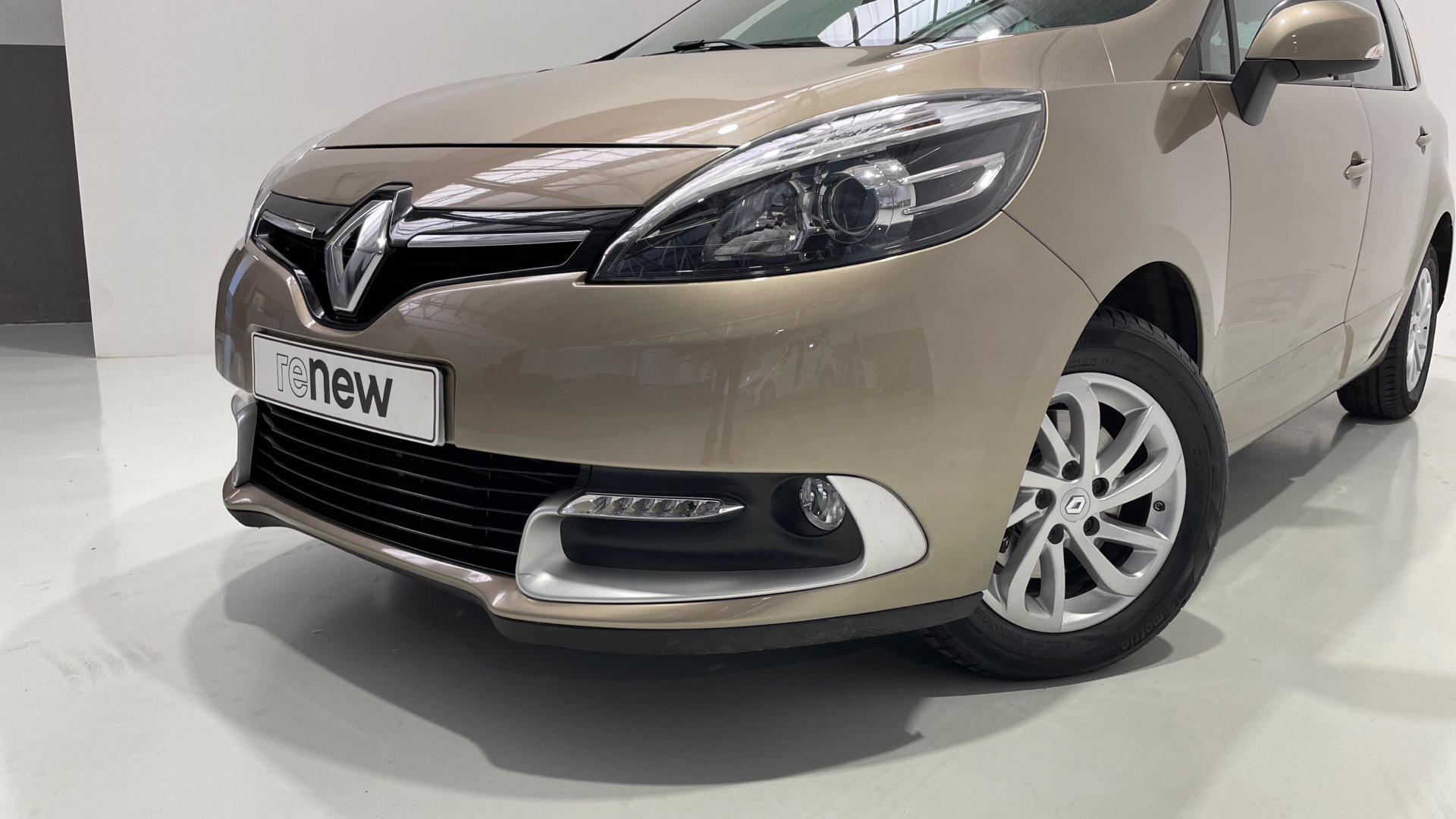 Renault Grand Scenic TCe 115 - 19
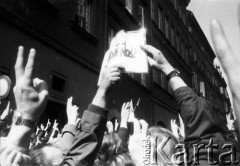 3.05.1982, Warszawa, Polska.
Stan wojenny - niezależna manifestacja solidarnościowa na Starym Mieście.
Fot. NN, zbiory Ośrodka KARTA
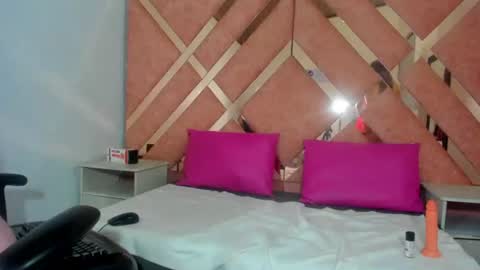 amira xx2 online show from July 2026 07:32:01 PM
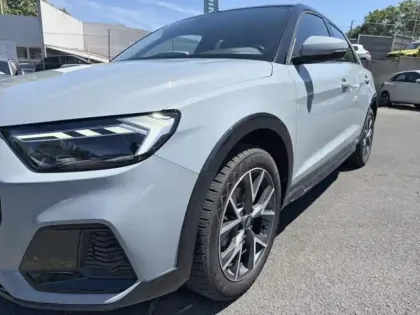 Photo 11 Audi A1  allstreet 30 TFSI 110ch Advanced S tronic 7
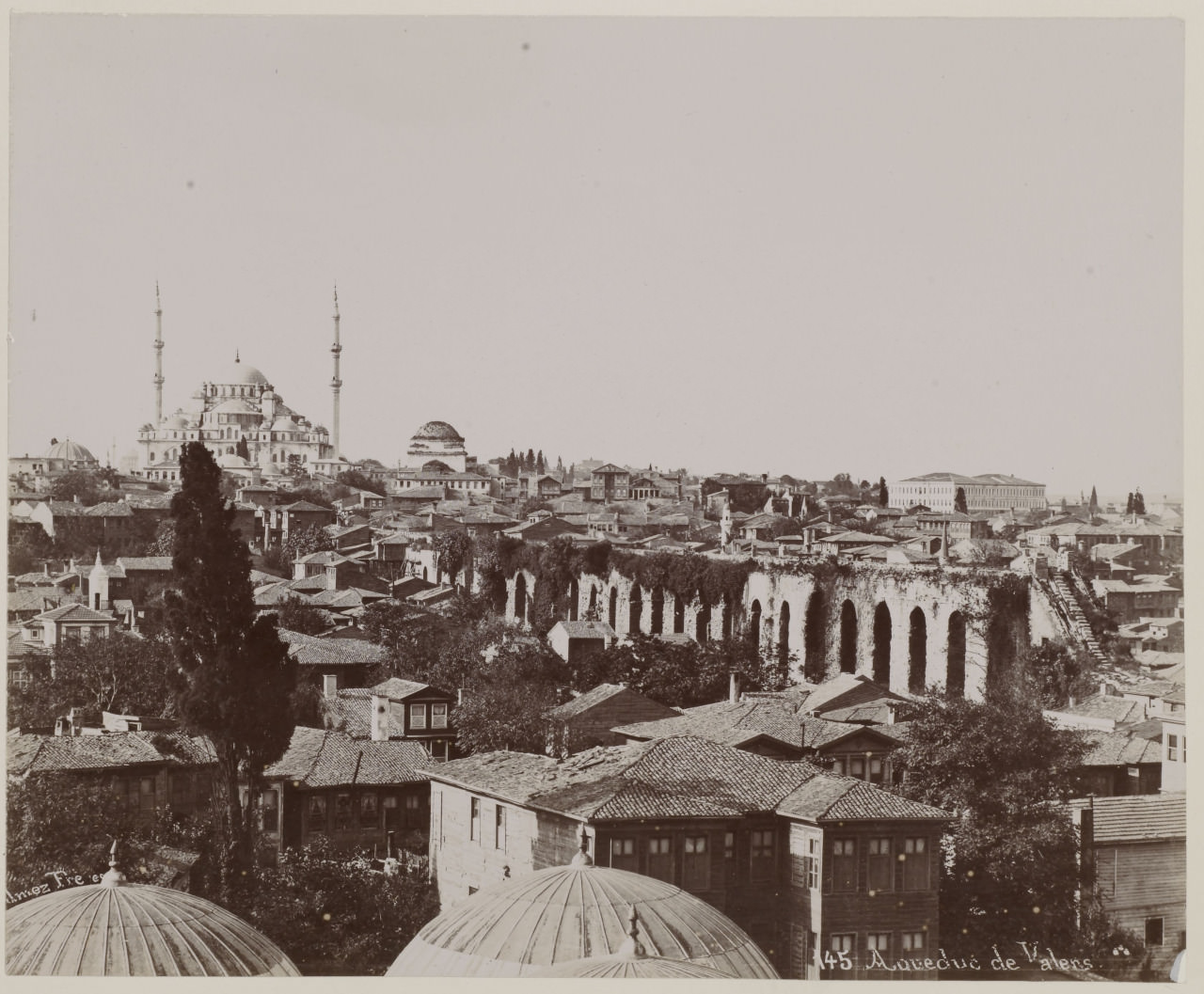 Şehzade Camii Minaresinden Bozdoğan Kemeri’ne Bakış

◆ ◆ ◆ ◆

#### [WORK INSTRUCTIONS]
What you return should match the material line for line, with the images removed.

#### [WRITTEN REPLY]
 Renault Grand Scenic TCe 115 - 19
 3.05.1982, Warszawa, Polska.
Stan wojenny - niezależna manifestacja solidarnościowa na Starym Mieście.
Fot. NN, zbiory Ośrodka KARTA
 amira xx2 online show from July 2026 07:32:01 PM
 Photo 11 Audi A1  allstreet 30 TFSI 110ch Advanced S tronic 7
 Şehzade Camii Minaresinden Bozdoğan Kemeri’ne Bakış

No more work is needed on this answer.